EXERCISE AIM: Repeat only the stretch of lines below that runs from the line with "河西智美・里音「（ふたりは）" through the line with "薪酬管理流程（天选打工人）.docx_第2页", unaltered.

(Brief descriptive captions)
·····

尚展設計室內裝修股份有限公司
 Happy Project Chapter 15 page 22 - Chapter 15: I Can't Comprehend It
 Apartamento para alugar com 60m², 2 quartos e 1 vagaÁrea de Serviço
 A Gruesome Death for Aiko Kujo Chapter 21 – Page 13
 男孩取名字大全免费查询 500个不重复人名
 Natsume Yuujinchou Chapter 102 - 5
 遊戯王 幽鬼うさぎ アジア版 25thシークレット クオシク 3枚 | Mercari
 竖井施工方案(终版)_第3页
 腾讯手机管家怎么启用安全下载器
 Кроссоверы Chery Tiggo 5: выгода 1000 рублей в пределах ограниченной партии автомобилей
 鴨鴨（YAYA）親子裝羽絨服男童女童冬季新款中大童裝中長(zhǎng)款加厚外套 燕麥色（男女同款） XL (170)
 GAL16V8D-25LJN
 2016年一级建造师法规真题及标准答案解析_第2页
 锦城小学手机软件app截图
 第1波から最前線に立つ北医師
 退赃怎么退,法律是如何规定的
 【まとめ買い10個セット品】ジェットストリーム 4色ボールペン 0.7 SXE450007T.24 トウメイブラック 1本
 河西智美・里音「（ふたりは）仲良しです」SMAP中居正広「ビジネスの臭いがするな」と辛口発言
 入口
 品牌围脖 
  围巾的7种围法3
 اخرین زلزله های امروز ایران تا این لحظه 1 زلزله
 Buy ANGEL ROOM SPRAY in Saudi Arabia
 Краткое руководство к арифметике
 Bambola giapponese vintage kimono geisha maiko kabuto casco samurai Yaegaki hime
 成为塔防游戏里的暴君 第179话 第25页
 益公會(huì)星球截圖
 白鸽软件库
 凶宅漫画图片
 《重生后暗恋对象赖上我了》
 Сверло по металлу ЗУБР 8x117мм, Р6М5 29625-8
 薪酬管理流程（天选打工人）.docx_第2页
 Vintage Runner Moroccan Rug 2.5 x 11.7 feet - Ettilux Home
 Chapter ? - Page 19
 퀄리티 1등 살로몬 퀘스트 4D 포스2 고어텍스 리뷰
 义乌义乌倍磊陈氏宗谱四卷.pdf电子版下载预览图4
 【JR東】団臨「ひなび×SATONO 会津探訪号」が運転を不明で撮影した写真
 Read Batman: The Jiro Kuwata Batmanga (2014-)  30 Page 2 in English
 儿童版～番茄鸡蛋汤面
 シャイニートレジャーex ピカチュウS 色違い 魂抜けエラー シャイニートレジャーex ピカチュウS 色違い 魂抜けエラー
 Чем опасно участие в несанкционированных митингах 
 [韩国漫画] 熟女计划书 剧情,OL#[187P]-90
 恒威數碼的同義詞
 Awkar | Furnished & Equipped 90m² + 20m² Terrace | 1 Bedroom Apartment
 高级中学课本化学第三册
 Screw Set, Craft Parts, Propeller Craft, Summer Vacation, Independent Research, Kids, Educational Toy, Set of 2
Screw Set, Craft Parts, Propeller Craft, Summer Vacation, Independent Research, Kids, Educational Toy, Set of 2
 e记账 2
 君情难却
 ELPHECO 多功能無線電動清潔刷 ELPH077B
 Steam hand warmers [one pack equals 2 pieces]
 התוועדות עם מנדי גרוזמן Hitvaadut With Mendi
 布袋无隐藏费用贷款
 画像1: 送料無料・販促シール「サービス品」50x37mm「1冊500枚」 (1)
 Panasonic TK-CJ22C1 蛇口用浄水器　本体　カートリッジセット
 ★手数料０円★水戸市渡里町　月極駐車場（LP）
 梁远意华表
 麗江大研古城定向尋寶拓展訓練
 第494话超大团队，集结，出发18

·····

RESPONSE BELOW:
 河西智美・里音「（ふたりは）仲良しです」SMAP中居正広「ビジネスの臭いがするな」と辛口発言
 入口
 品牌围脖 
  围巾的7种围法3
 اخرین زلزله های امروز ایران تا این لحظه 1 زلزله
 Buy ANGEL ROOM SPRAY in Saudi Arabia
 Краткое руководство к арифметике
 Bambola giapponese vintage kimono geisha maiko kabuto casco samurai Yaegaki hime
 成为塔防游戏里的暴君 第179话 第25页
 益公會(huì)星球截圖
 白鸽软件库
 凶宅漫画图片
 《重生后暗恋对象赖上我了》
 Сверло по металлу ЗУБР 8x117мм, Р6М5 29625-8
 薪酬管理流程（天选打工人）.docx_第2页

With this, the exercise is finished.